If we go this direction we would need to make ballista optional feature

milenkovicm avatar Nov 29 '24 21:11 milenkovicm

I don’t have my computer this weekend so I can’t test to verify but you may get unblocked if you do ctx = SessionContext(ctx)

I finally got some time to try this, but unfortunately no luck, no such function.

I tried variation of the proposal wrapping DataFrame, but same error

from ballista import BallistaBuilder
# from datafusion.context import SessionContext
from datafusion import functions as f
from datafusion.dataframe import DataFrame


ctx = BallistaBuilder()\
    .standalone()

df = ctx.sql("SELECT 1 as r")

df0 = DataFrame(df)
df0.aggregate(
    [f.col("r")], [f.count_star()]
)
df0.show()
TypeError                                 Traceback (most recent call last)
Cell In[4], [line 14](vscode-notebook-cell:?execution_count=4&line=14)
     [11](vscode-notebook-cell:?execution_count=4&line=11) df = ctx.sql("SELECT 1 as r")
     [13](vscode-notebook-cell:?execution_count=4&line=13) df0 = DataFrame(df)
---> [14](vscode-notebook-cell:?execution_count=4&line=14) df0.aggregate(
     [15](vscode-notebook-cell:?execution_count=4&line=15)     [f.col("r")], [f.count_star()]
     [16](vscode-notebook-cell:?execution_count=4&line=16) )
     [17](vscode-notebook-cell:?execution_count=4&line=17) df0.show()

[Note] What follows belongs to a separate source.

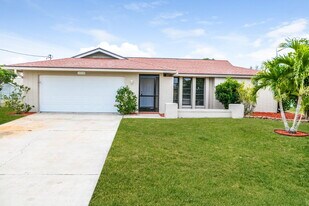 1314 SE 16th St in Cape Coral, FL - Building Photo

File ~/git/arrow-ballista/python/venv/lib/python3.12/site-packages/datafusion/dataframe.py:197, in DataFrame.aggregate(self, group_by, aggs)
    [195](.../datafusion/dataframe.py:195) group_by = [e.expr for e in group_by]
    [196](.../datafusion/dataframe.py:196) aggs = [e.expr for e in aggs]
--> [197](.../datafusion/dataframe.py:197) return DataFrame(self.df.aggregate(group_by, aggs))

Update:

I have also tried:

ctx = SessionContext()
ctx.ctx = BallistaBuilder()\
    .standalone()

same issue with function conversion as previous

milenkovicm avatar Dec 04 '24 10:12 milenkovicm

After spending some time and reading https://github.com/PyO3/pyo3/issues/1444 there is no simple solution for the problem.

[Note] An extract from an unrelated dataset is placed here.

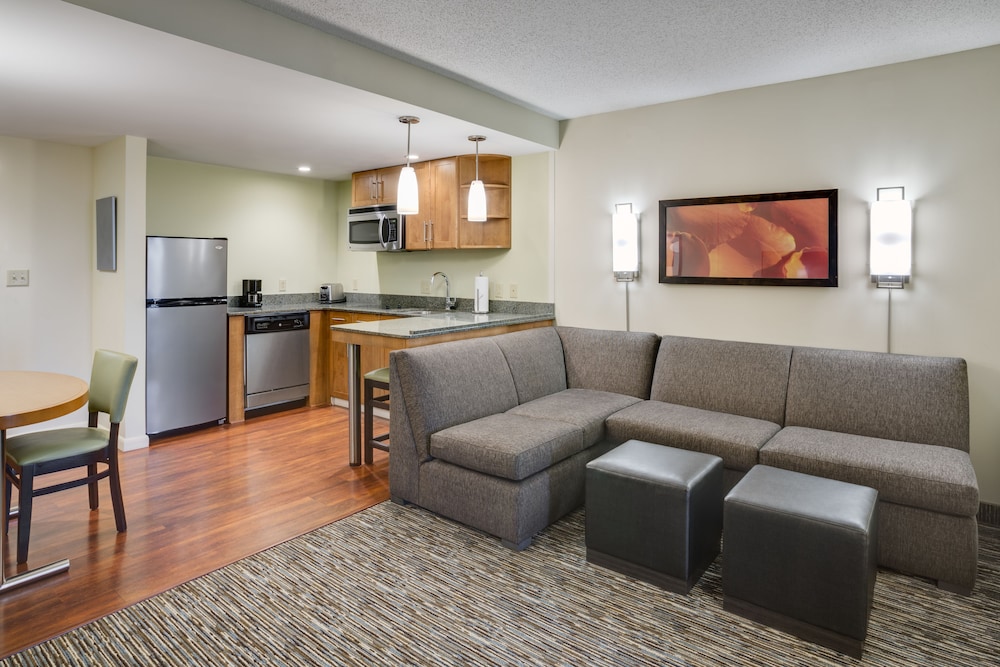 HYATT house Hartford North/Windsor 35/55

milenkovicm avatar Dec 04 '24 16:12 milenkovicm

Summary

After some instigation and reading https://github.com/PyO3/pyo3/issues/1444 it looks not trivial to share (pyo3) structures between multiple crates, there might be some hacks but its a long shot.

So options mentioned in #1142 still stands:

Starting from option 2 - re-export all the (py)datafusion structures and functions as part of (py)ballista. I can't comment about effort scale, but if we go with it we could get into same situation were ballista was, constantly lagging behind (py)datafusion. Thus I'd argue that this approach would be dead-on-arrival due to lack of maintainers, and overall duplicated work.

Option 1 - creating ballista specific context in (py)datafusion. IMHO, this approach makes the most sense from technical perspective. We would just need to expose optional (py)datafusion ballista integration. This would mean a bit of extra work on (py)datafusion team. Ballista would be baggage which in the long run may go to "unmaintained" mode.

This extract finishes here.